Pass Authorization: Bearer bo_live_... on every MCP and REST call
No X-Employee-Id actor token required for these endpoints (project-scoped, not actor-scoped)
All data returned is filtered to the project the API key belongs to — no other project's rows can be reached
Customers must accept Terms / DPA before any read endpoint returns data — first call after signup may return 403 terms_required until you accept on the dashboard
/v1/data/auditcontent fields respect the project's retention policy; older requests return structural fields with content nullified

Worked examples

Backend script (Python, REST)

python

import os, requests

bo = "https://api.brainorchestra.ai"
headers = {"Authorization": f"Bearer {os.environ['BO_API_KEY']}"}

# Last 7 days of failed requests
r = requests.get(
    f"{bo}/v1/data/audit",
    headers=headers,
    params={
        "status": "failed",
        "date_from": "2026-04-19T00:00:00Z",
        "date_to": "2026-04-26T00:00:00Z",
        "limit": 200,
    },
)
failures = r.json()["audit_logs"]

# This month's billing
r = requests.get(f"{bo}/v1/data/billing/summary", headers=headers)
print(f"Spend: ${r.json()['total_cost_eur']}")
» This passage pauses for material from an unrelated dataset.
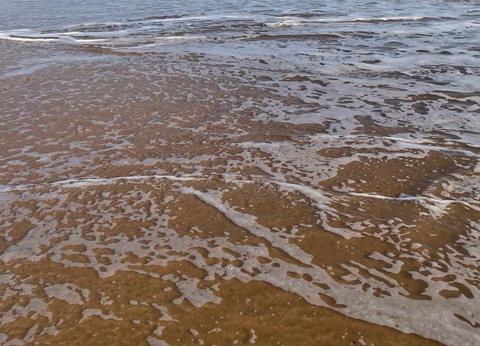 Camping Ushuaïa Villages La Conge, 3* - 35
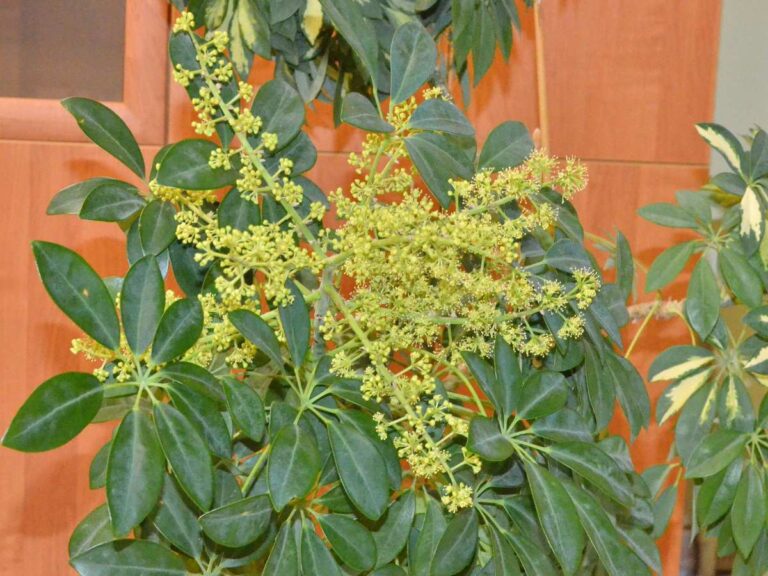 Does Umbrella Plant Bloom? Everything You Need To Know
# Discover document-capable models with pricing
r = requests.get(f"{bo}/v1/data/catalog", headers=headers)
docs = [m for m in r.json()["models"]
        if m["eligibleForProject"] and "document" in m["capabilities"]]
for m in sorted(docs, key=lambda m: m["pricing"]["inputPer1m"]):
    print(f"{m['name']}: ${m['pricing']['inputPer1m']}/1M in")
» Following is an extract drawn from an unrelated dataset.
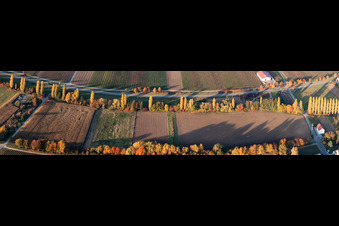 Vue aérienne de Perspective panoramique de rangées de peupliers aux couleurs d'automne sur une route de campagne au bord d'un ruisseau à Roschbach dans le département Rhénanie-Palatinat, Allemagne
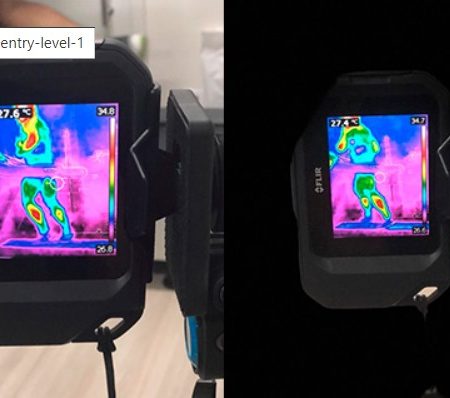 FLIR C5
Building a model picker (Node, REST)

javascript

const res = await fetch("https://api.brainorchestra.ai/v1/data/catalog", {
  headers: { Authorization: `Bearer ${process.env.BO_API_KEY}` },
});
const { models, project_tier } = await res.json();

const eligible = models.filter(m => m.eligibleForProject);
const upsell = models.filter(m => !m.eligibleForProject);

console.log(`${eligible.length} models available; ${upsell.length} more if you upgrade tier`);
upsell.forEach(m => {
  const tiers = Object.entries(m.tiers).filter(([, v]) => v).map(([k]) => k);
  console.log(`  ${m.name} — needs tier: ${tiers.join(' or ')}`);
});

MCP vs REST — when to choose which

Use MCP when your agent runs inside an MCP-aware host (Claude Desktop, Cursor, Cline) — the host handles auth, retries, schema validation, and translates natural-language to tool calls. The user (operator) gets to grant per-tool permissions and see what the agent is doing.

Use REST whenyour code is imperative — backend script, dashboard, CI job, scheduled report — or when you're not running inside an MCP host.

Both surfaces stay in lockstep — the catalog endpoint shape, for example, is built from a single src/api/catalog-shape.ts module so MCP and REST can never disagree.

Rate limits

Read endpoints share the project's per-minute rate limit (default 60 RPM, configurable per project in dashboard settings). They don't consume your prepaid balance — read-only data returns are free.